THE TASK: Give back exactly the lines of the material below that start at the line containing "2025 TOYOTA CAMRY XSE 3" and end at the line containing "Um grupo de amigas fazem sexo", and no others.

◆ ◆ ◆ ◆ ◆

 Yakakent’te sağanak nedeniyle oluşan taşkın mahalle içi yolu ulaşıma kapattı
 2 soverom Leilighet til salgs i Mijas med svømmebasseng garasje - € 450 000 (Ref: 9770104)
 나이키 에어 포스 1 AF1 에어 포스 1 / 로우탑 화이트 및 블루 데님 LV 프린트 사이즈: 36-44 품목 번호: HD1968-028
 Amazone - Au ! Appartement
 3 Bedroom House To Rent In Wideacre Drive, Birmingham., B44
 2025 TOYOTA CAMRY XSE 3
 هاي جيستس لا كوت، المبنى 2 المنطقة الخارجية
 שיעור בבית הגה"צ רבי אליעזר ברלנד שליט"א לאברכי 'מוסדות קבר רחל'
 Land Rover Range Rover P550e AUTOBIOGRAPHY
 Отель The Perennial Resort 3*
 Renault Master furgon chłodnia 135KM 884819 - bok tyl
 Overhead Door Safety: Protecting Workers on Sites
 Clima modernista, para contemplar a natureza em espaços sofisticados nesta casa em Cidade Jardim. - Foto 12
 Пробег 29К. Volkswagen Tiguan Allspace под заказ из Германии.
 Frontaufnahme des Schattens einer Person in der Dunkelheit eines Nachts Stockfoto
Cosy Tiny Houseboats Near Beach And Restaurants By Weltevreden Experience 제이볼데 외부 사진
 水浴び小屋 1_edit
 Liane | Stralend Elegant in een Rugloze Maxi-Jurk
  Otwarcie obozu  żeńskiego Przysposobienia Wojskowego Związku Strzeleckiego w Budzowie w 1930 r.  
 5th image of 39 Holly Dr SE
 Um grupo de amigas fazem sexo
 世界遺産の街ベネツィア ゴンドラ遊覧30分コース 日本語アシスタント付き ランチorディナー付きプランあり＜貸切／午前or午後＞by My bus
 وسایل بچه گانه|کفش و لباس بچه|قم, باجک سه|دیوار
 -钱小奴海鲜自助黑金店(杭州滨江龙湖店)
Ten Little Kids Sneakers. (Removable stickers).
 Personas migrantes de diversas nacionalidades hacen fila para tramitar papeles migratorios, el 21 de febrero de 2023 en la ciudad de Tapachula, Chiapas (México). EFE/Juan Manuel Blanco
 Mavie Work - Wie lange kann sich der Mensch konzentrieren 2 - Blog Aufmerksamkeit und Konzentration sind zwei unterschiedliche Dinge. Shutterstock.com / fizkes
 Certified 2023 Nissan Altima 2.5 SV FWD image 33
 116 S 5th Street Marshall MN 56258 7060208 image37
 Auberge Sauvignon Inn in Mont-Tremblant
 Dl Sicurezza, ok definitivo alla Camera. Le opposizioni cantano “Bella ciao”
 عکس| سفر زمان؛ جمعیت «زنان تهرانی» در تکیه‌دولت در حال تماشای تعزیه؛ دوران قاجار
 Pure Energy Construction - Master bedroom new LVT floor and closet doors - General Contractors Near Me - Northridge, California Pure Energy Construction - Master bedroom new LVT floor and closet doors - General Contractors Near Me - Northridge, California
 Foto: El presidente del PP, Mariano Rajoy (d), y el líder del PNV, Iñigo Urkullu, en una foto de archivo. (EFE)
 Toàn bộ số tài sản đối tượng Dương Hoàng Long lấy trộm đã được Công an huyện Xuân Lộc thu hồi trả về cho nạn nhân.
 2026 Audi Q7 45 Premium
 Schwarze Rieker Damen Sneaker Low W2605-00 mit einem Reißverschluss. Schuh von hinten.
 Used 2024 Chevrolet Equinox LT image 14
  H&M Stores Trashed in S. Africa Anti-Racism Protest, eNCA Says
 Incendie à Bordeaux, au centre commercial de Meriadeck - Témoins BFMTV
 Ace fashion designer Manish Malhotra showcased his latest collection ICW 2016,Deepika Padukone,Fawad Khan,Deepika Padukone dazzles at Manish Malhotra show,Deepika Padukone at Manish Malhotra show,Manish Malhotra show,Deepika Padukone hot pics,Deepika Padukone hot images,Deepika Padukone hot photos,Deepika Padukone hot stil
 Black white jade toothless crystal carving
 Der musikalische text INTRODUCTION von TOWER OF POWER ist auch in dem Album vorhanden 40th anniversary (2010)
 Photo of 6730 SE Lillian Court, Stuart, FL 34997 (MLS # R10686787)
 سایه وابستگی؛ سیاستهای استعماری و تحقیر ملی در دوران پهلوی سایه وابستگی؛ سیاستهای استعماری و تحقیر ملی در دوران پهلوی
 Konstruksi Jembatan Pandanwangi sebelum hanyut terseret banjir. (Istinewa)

◆ ◆ ◆ ◆ ◆

WORKED SOLUTION:
 2025 TOYOTA CAMRY XSE 3
 هاي جيستس لا كوت، المبنى 2 المنطقة الخارجية
 שיעור בבית הגה"צ רבי אליעזר ברלנד שליט"א לאברכי 'מוסדות קבר רחל'
 Land Rover Range Rover P550e AUTOBIOGRAPHY
 Отель The Perennial Resort 3*
 Renault Master furgon chłodnia 135KM 884819 - bok tyl
 Overhead Door Safety: Protecting Workers on Sites
 Clima modernista, para contemplar a natureza em espaços sofisticados nesta casa em Cidade Jardim. - Foto 12
 Пробег 29К. Volkswagen Tiguan Allspace под заказ из Германии.
 Frontaufnahme des Schattens einer Person in der Dunkelheit eines Nachts Stockfoto
Cosy Tiny Houseboats Near Beach And Restaurants By Weltevreden Experience 제이볼데 외부 사진
 水浴び小屋 1_edit
 Liane | Stralend Elegant in een Rugloze Maxi-Jurk
  Otwarcie obozu  żeńskiego Przysposobienia Wojskowego Związku Strzeleckiego w Budzowie w 1930 r.  
 5th image of 39 Holly Dr SE
 Um grupo de amigas fazem sexo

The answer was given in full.